1. ## volume of revolution

Find the volume of revolution when the region bounded by the curve y=x^2+2 and y=6 is rotated about the y-axis.

I am confused when the region rotated is at both sides of the axis in which the region is rotated upon. If rotate one part of the region, the volume is
pi* integrate from 2 to 6 (y-2) dy.

Is it the same in this case, when the rotated region is at both sides? It seems when the region is rotated 2pi about the y-axis, it covers double the volume of rotating only one part of the region but if overlapping is to be considered, shouldn't both cases generate the same result?

2. Yes you only need to worry about one half of the region being rotated.

By the way, this is clearly a Calculus question - why have you posted in Pre-Calculus?

3. Originally Posted by Prove It
Yes you only need to worry about one half of the region being rotated.
Thanks, so does it mean rotating the shaded region 360 degrees in both the attachments about the y-axis generate the same volume?

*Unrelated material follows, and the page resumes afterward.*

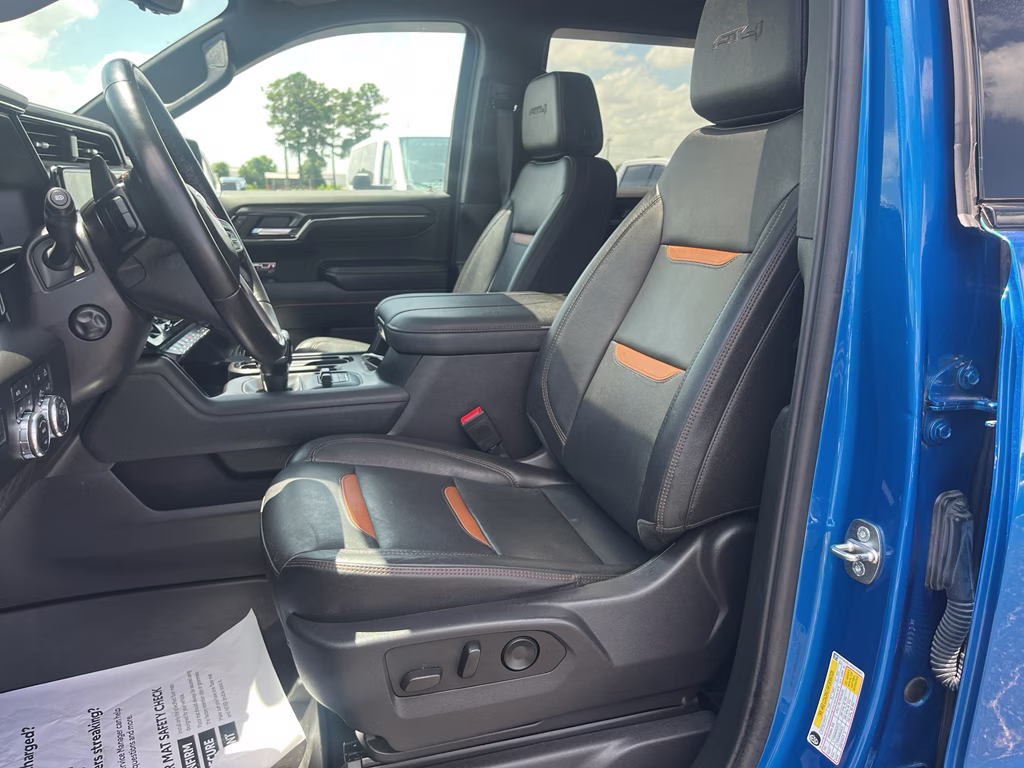 2024 Dynamic Blue Metallic GMC Sierra AT4 4X4 Truck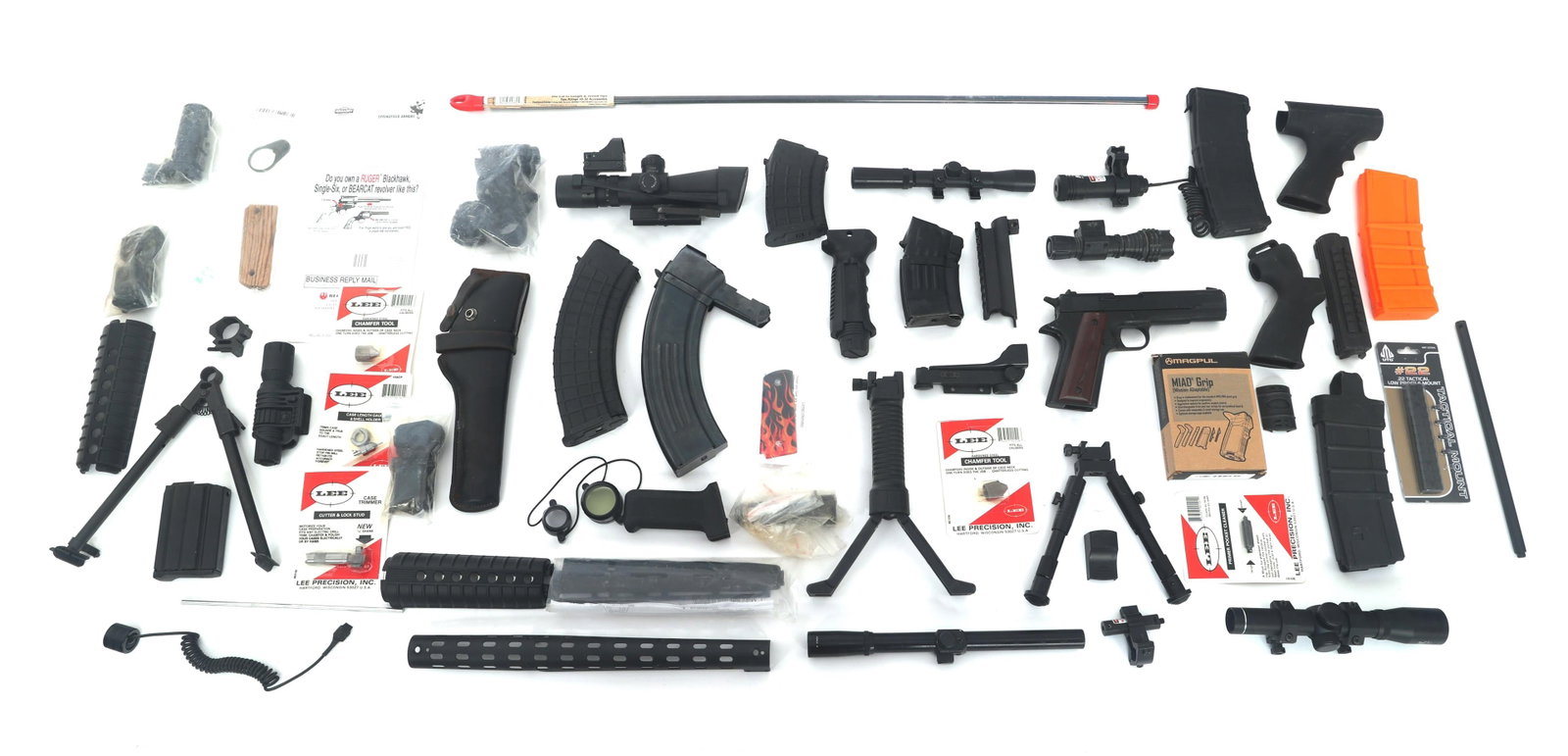 FIREARMS PARTS & ACCESSORIES BONANZA LOT (1 of 5)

4. Yes, but the second would cover the region twice- and you don't want that.

5. Originally Posted by HallsofIvy
Yes, but the second would cover the region twice- and you don't want that.
Thanks, so volume of revolution simply means the effective volume of the region covered, in which the overlapped volume is not taken into consideration?

Would the volume be: $\displaystyle \int^{6}_{2}(y-2) dy = 8$ ?

6. Volume is volume is volume. There is no "overlapping volume".

You forgot "$\displaystyle \pi$".